* [EXERCISE DETAILS] What you return should be the lines from the first line of the records below through the line holding "Кто, интересно, на", unchanged.

Short web captions

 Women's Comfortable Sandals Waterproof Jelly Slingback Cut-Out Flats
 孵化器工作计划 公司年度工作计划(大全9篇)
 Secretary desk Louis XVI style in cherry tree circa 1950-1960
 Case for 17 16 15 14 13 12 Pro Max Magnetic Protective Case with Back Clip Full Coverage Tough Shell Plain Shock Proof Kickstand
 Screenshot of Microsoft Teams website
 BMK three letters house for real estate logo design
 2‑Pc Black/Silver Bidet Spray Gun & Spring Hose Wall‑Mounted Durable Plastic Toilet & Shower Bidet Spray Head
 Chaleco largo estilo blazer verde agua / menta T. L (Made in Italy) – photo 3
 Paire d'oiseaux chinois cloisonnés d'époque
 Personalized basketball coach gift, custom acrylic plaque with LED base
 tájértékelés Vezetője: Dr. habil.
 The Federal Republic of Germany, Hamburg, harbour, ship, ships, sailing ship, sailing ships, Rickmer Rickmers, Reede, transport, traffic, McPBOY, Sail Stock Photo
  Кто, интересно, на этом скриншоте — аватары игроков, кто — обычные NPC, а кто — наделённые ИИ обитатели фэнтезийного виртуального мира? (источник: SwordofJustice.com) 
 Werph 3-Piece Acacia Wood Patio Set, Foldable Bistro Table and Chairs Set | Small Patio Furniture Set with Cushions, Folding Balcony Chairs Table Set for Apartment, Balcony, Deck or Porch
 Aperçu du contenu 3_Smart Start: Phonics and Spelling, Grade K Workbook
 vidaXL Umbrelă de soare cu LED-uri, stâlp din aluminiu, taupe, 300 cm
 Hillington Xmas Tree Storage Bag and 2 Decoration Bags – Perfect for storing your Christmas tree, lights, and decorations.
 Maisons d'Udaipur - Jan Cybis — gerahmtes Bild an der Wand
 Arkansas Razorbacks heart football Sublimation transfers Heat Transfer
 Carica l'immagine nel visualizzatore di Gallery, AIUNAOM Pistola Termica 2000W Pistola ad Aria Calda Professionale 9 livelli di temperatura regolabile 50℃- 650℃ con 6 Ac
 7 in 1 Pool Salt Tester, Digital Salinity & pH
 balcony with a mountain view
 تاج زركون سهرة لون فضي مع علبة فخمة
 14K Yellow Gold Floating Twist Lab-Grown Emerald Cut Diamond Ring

* [EXERCISE SOLUTION]
 Women's Comfortable Sandals Waterproof Jelly Slingback Cut-Out Flats
 孵化器工作计划 公司年度工作计划(大全9篇)
 Secretary desk Louis XVI style in cherry tree circa 1950-1960
 Case for 17 16 15 14 13 12 Pro Max Magnetic Protective Case with Back Clip Full Coverage Tough Shell Plain Shock Proof Kickstand
 Screenshot of Microsoft Teams website
 BMK three letters house for real estate logo design
 2‑Pc Black/Silver Bidet Spray Gun & Spring Hose Wall‑Mounted Durable Plastic Toilet & Shower Bidet Spray Head
 Chaleco largo estilo blazer verde agua / menta T. L (Made in Italy) – photo 3
 Paire d'oiseaux chinois cloisonnés d'époque
 Personalized basketball coach gift, custom acrylic plaque with LED base
 tájértékelés Vezetője: Dr. habil.
 The Federal Republic of Germany, Hamburg, harbour, ship, ships, sailing ship, sailing ships, Rickmer Rickmers, Reede, transport, traffic, McPBOY, Sail Stock Photo
  Кто, интересно, на этом скриншоте — аватары игроков, кто — обычные NPC, а кто — наделённые ИИ обитатели фэнтезийного виртуального мира? (источник: SwordofJustice.com) 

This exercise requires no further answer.